Introduction to Recommendations with Map-Reduce and mrjob

Thursday, August 23, 2012

Hi all,

In this post I will present how can we use map-reduce programming model for making recommendations.   Recommender systems are quite popular among shopping sites and social network thee days. How do they do it ?   Generally, the user interaction data available from items and products in shopping sites and social networks are enough information to build a recommendation engine using classic techniques such as Collaborative Filtering.

Why Map-Reduce ?

MapReduce is a framework originally developed at Google that allows easy large scale distributed computing across a number of domains. Apache Hadoop is an open source implementation of it.  It scales well to many thousands of nodes and can handle petabytes of data. For recommendations where we have to find the similar products to a product you are interested at , we must calculate how similar pairs of items are. For instance, if someone watches the movie Matrix, the recommender would suggest the film Blade Runner. So we need to compute the similarity between two movies. One way is to find correlation between pairs of items.  But if you own a shopping site, which has 500,00 products, potentially we would have to compute over 250 billion computations. Besides the computation, the correlation data will be sparse, because it's unlikely that every pair of items will have some user interested in them. So we have a large and sparse dataset. And we have also to deal with temporal aspect since the user interest in products changes with time, so we need the correlation calculation done periodically so that the results are up to date.  For these reason the best way to handle with this scenarion and problem is going after a divide and conquer pattern, and MapReduce is a powerful framework and can be used to implement data mining algorithms.  You can take a look at this post about MapReduce or go to these video classes about Hadoop.

Map-Reduce Architecture

Meeting mrjob

mrjob is a Python package that helps you write and run Hadoop Streaming jobs. It supports Amazon's Elastic MapReduce(EMR) and it also works with your own Hadoop cluster.  It has been released as an open-source framework by Yelp and we will use it as interface for Hadoop since its legibility and ease to handle with MapReduce tasks.  Check this link to see how to to download and use it.

Movie Similarities

Imagine that you own a online movie business, and you want to suggest for your clients movie recommendations.  Your system runs a rating system, that is, people can rate movies with 1 to 5 starts, and we will assume for simplicity that all of the ratings are stored in a csv file somewhere.
Our goal is to calculate how similar pairs of movies are, so that we recommend movies similar to movies you liked.  Using the correlation we can:

  • For every pair of movies A and B, find all the people  who rated botha A and B.
  • Use these ratings to form a Movie A vector and a Movie B vector.
  • Calculate the correlation between those two vectors
  • When someone watches a movie, you can recommend the movies most correlated with it

So the first step is to get our movies file which has three columns:  (user, movie, rating). For this task we will use the MovieLens Dataset of Movie Ratings with 10.000 ratings from 1000 users on 1700 movies (you can download it at this link).

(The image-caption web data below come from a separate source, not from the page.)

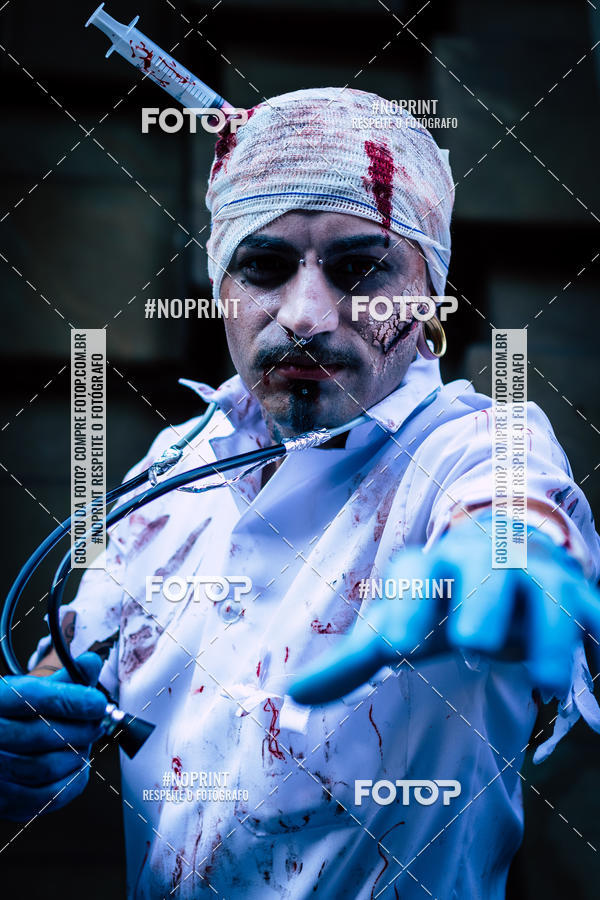 Buy your photos of the eventZombie Walk SP 2019 - Equipe ASI on Fotop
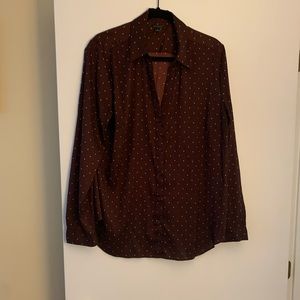 Xl Ann Taylor wine-colored polyester blouse.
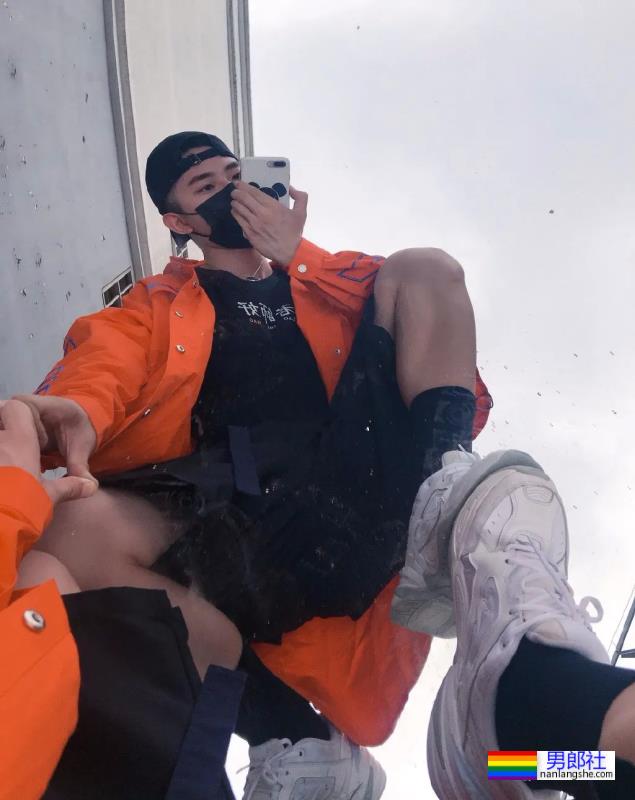 湖北腹肌小哥，男生就该这样 - 51虹马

Here it is a sample of the dataset file after normalized.

So let's start by reading the ratings into the MovieSimilarities job.

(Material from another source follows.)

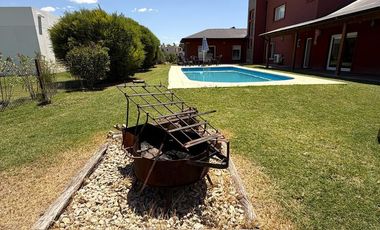 Venta de Casa en Barrio La Magdalena Canning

You want to compute how similar pairs of movies are, so that if someone watches the movie The Matrix, you can recommend movies like BladeRunner. So how should you define the similarity between two movies ?

One possibility is to compute their correlation. The basic idea behind it is for every pair of movies A and B, find all the people who rated both A and B. Use these ratings to form a Movie A vector and a Movie B vector.  Then, calculate the correlation between these two vectors.  Now when someone watches a movie, you can now recommend him the movies most correlated with it.

So let's divide to conquer. Our first task is for each user, emit a row containing their 'postings' (item, rating). And for reducer, emit the user rating sum and count for use later steps.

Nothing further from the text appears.